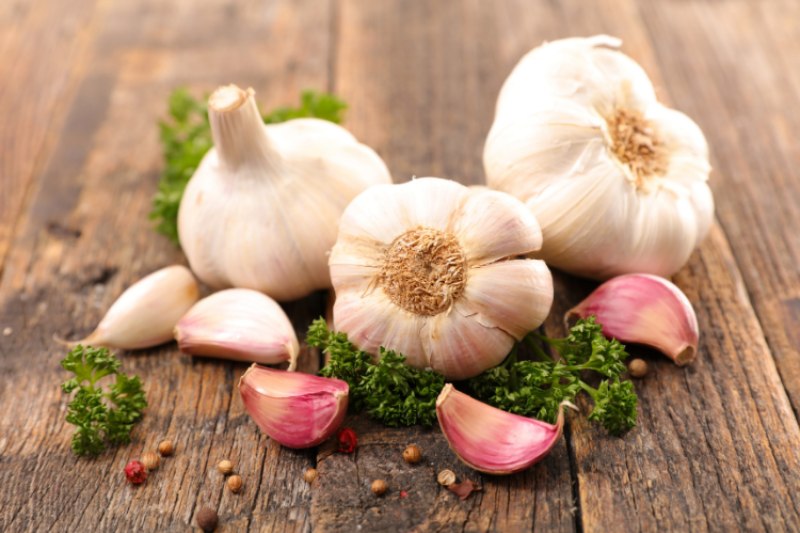 6 Advantages Of Having A Garlic Clove Every Night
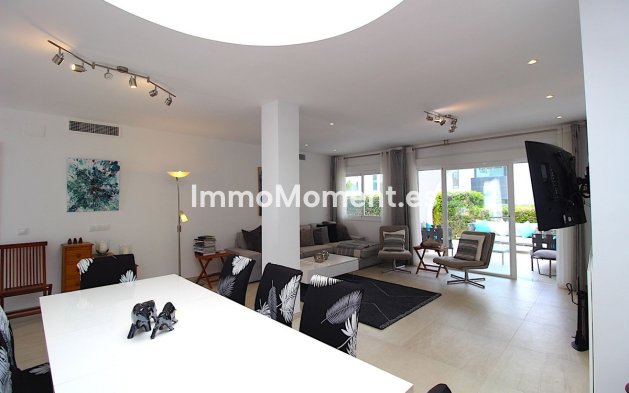 Resale - Detached villa - Marbella - Nueva Andalucía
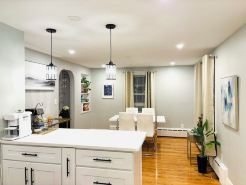 1-bedroom unit with Private Entrance/ Laundry/Kitchen/Parking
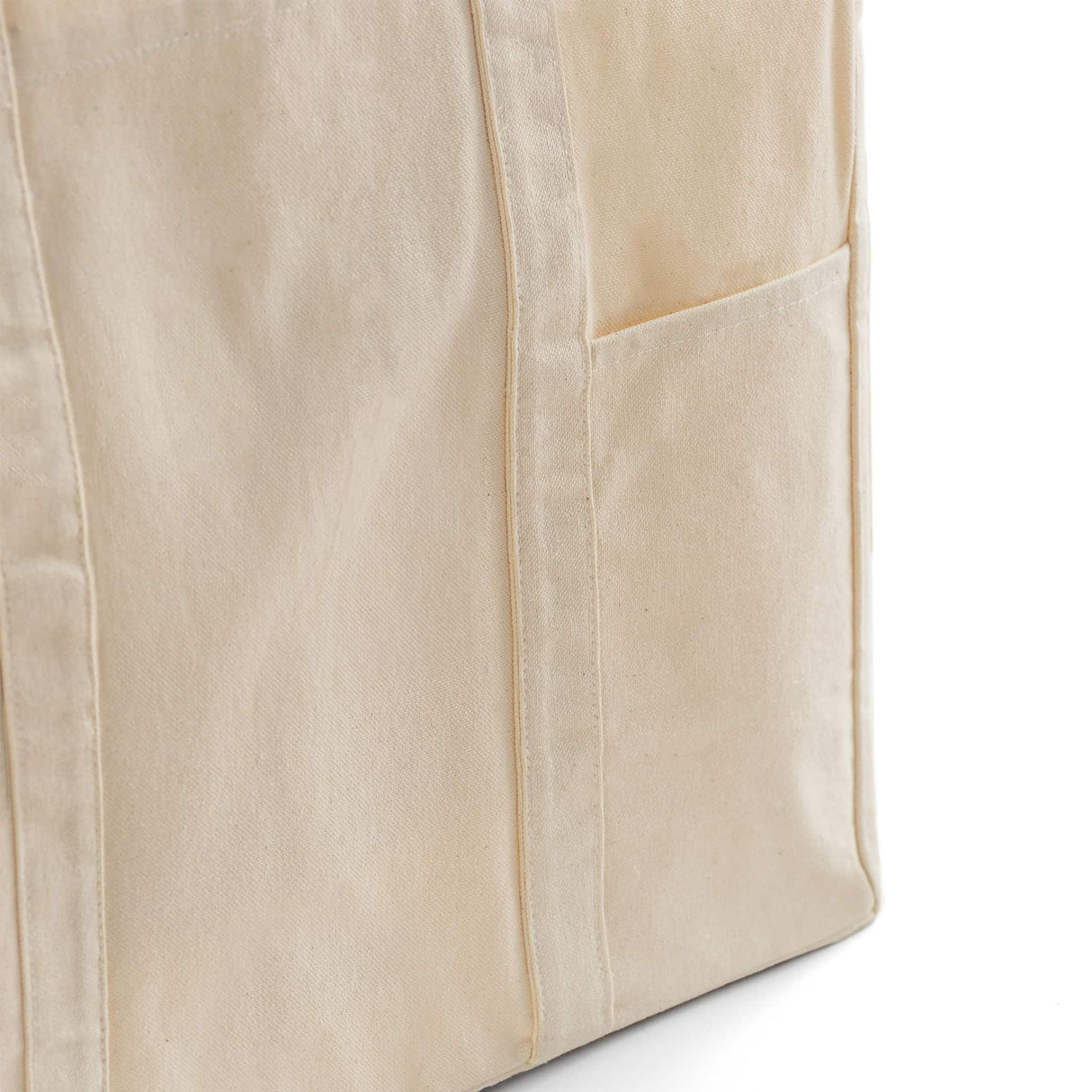 utility canvas totebag bottom detail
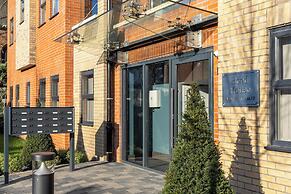 Celador Apartments - Bond House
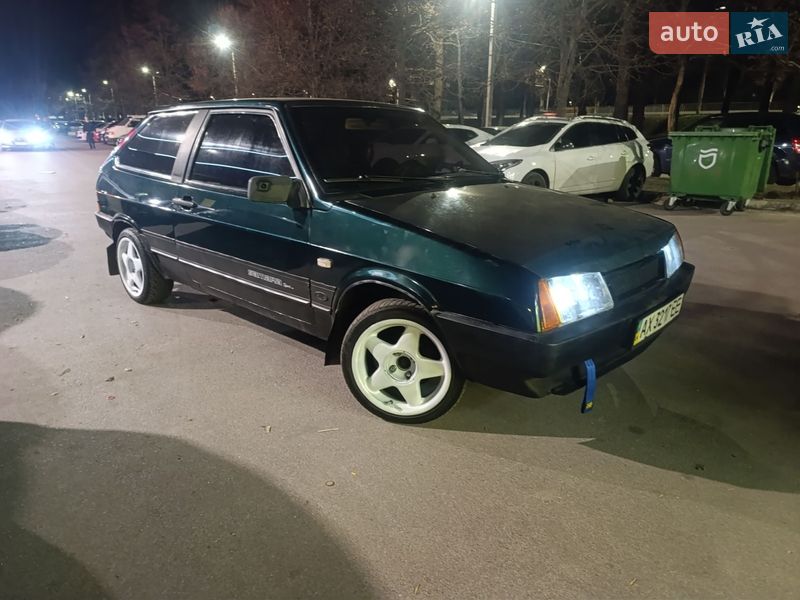 Хэтчбек ВАЗ / Lada 2108 2000 в Днепре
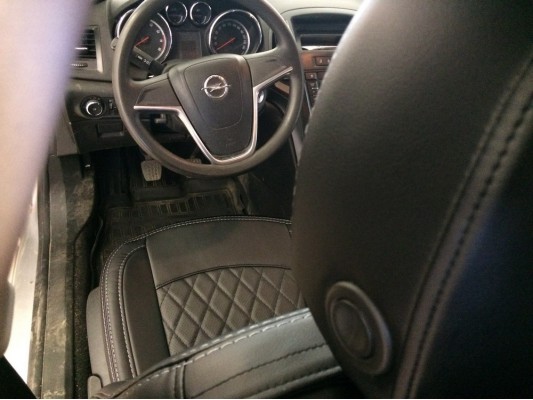 Авточехлы на Opel Astra J Авточехлы на Opel Astra J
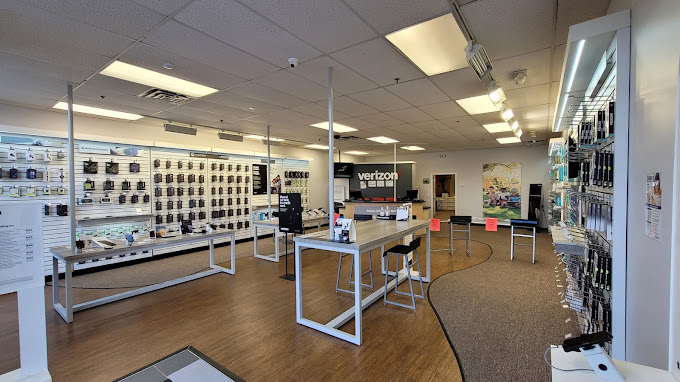 Victra Verizon Wireless Location Store Interior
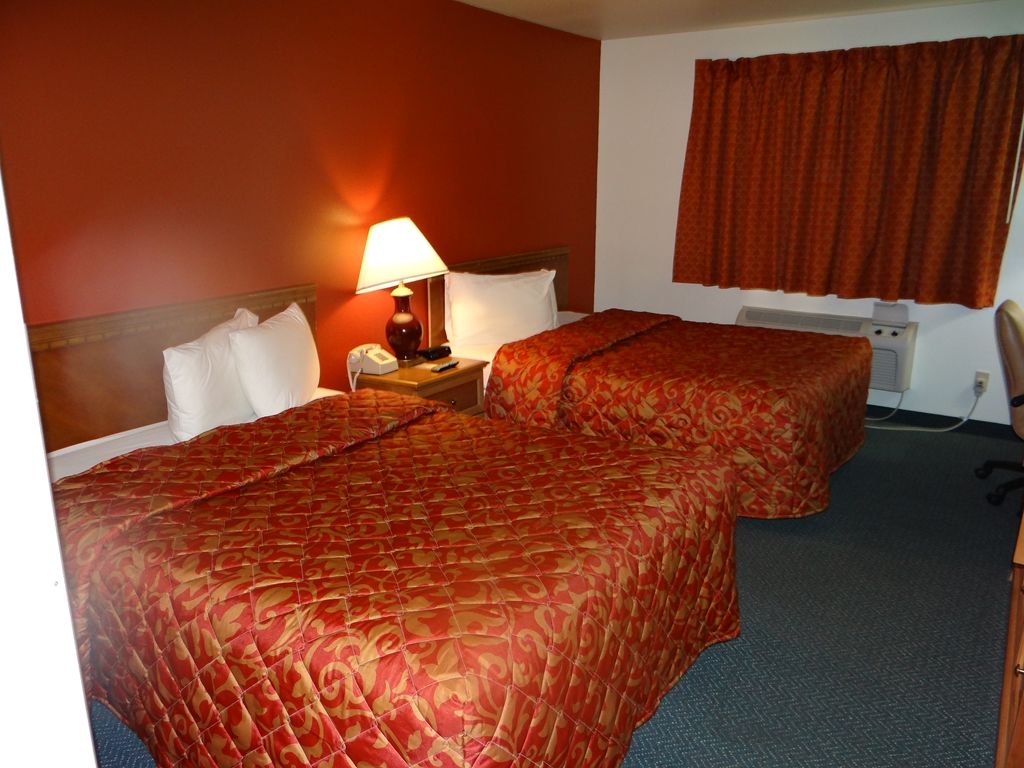 Rock Creek Hotel Sabetha Room photo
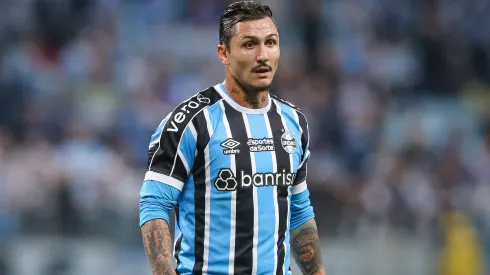 Foto: Pedro H. Tesch/AGIF- Vina se despediu do Grêmio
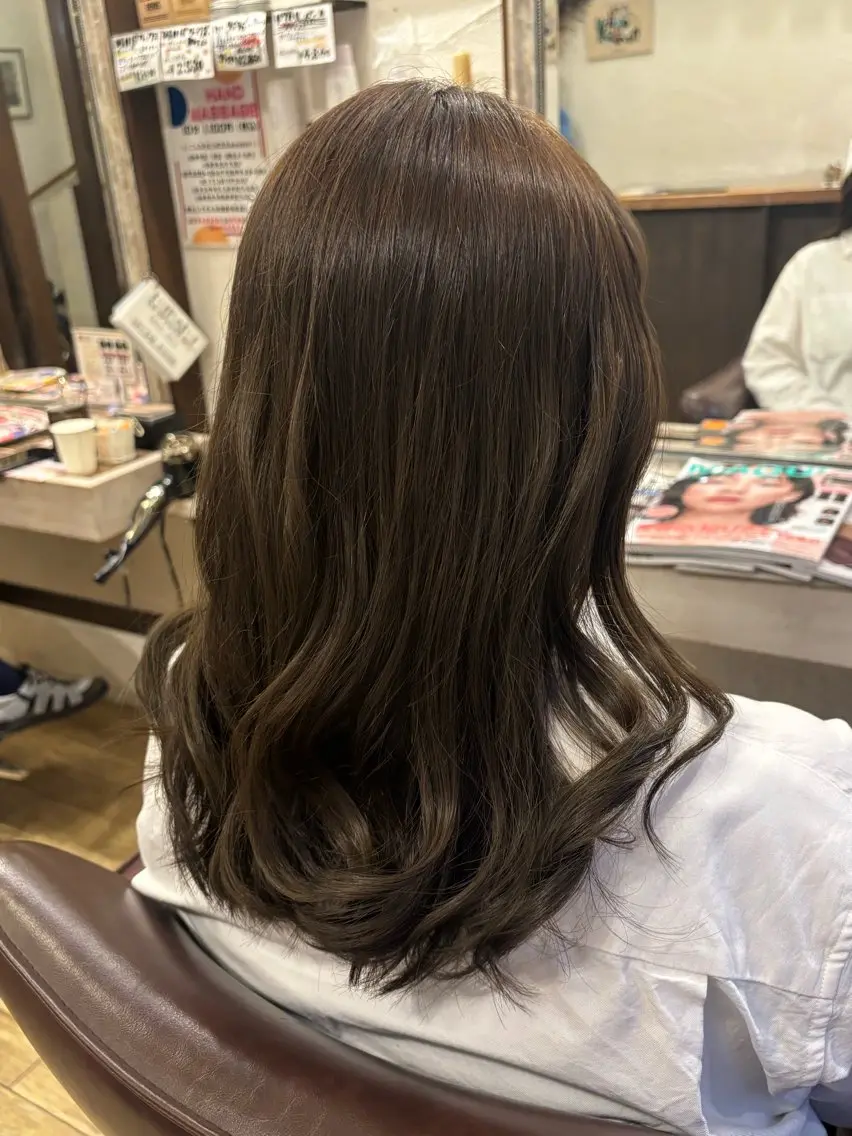 カラー 須内 星良/南台 /ショート/艶カラーのヘアスタイル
:::::
WHAT THE TASK ASKS:
Copy each line of the records precisely and drop any images they hold.

ANSWER TO THIS TASK:
 6 Advantages Of Having A Garlic Clove Every Night
 Resale - Detached villa - Marbella - Nueva Andalucía
 1-bedroom unit with Private Entrance/ Laundry/Kitchen/Parking
 utility canvas totebag bottom detail
 Celador Apartments - Bond House
 Хэтчбек ВАЗ / Lada 2108 2000 в Днепре
 Авточехлы на Opel Astra J Авточехлы на Opel Astra J
 Victra Verizon Wireless Location Store Interior
 Rock Creek Hotel Sabetha Room photo
 Foto: Pedro H. Tesch/AGIF- Vina se despediu do Grêmio
 カラー 須内 星良/南台 /ショート/艶カラーのヘアスタイル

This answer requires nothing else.